I am pretty bad at electronic recommendations, despite listening to quite a bit of it I never feel I have a real grasp of it. So here are some vaguely connected tracks


























Also the radiostation cliqhop might twist your melon, available here http://radiotuna.com/s/76220


----------



## norman bates (Aug 18, 2010)

ArthurBrain said:


> I'm searching for modern electronic music that has a quirky edge to it where it comes to chords/harmony which I seem to be having difficulty finding at the moment.
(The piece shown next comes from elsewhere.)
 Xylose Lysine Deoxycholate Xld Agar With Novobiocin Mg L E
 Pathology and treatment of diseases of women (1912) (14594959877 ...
I look for similar things. Unfortunately I have the impression that harmony in electronic music is clearly the less developed aspect. You have mentioned Amon Tobin e I'm a big fan of his Bricolage, one of my favorite electronic albums, but even that stands up for his liquid, mysterious sound than for the harmonic progressions, it's based on loops after all.
Anyway, if you don't know it yet you could give a try to Nuno Canavarro's Plux Quba. It's not drum and bass, and the atmosphere is completely different, a lot less dark and definitely warmer than Tobin, but absolutely otherworldly, with subliminal voices mixed with the music. It sounds like something that come at the same time from the future and from the memory.










Other than that I don't know, something of groups like autechre, black dice, spring heel jack but I'm not sure if it's what you're looking for. Steve Roach definitely for the atmosphere in albums like Dreamtime returns or The magnificent void, but it's very slow music so probably it's not your cup of tea.


----------



## Ravndal (Jun 8, 2012)

Something you might be interested in 




Some quirky synth-action here.

And welcome back, by the way


----------



## ArthurBrain (Aug 19, 2012)

norman bates said:


> I look for similar things. Unfortunately I have the impression that harmony in electronic music is clearly the less developed aspect. You have mentioned Amon Tobin e I'm a big fan of his Bricolage, one of my favorite electronic albums, but even that stands up for his liquid, mysterious sound than for the harmonic progressions, it's based on loops after all.
> Anyway, if you don't know it yet you could give a try to Nuno Canavarro's Plux Quba. It's not drum and bass, and the atmosphere is completely different, a lot less dark and definitely warmer than Tobin, but absolutely otherworldly, with subliminal voices mixed with the music. It sounds like something that come at the same time from the future and from the memory.
> 
> 
> ...


Hi, thanks for the recommendations. I've just checked out your Nuno Canavarro links as to be honest I'd never even heard of it before. Ethereal certainly fits and I'm surprised it goes back to 1988. I quite like 'fused vocals' into music as it certainly adds another dimension at times. Where it comes to Tobin I understand what you mean, though it's still the harmonic ideas that give them such a mysterious atmosphere for me, even if they're not developed in a 'classical' sense overall. Where it comes to Autechre I find a lot of their work pretty stale and repetitive but that's a personal thing. I'll check out 'Black Dice' however as that's another band I've not heard of. Where it comes to the 'speed' of the music I'm fine with slow/fast whatever if you can think of any others. I love the earliest works of Tangerine Dream so beats per minute isn't necessarily a concern...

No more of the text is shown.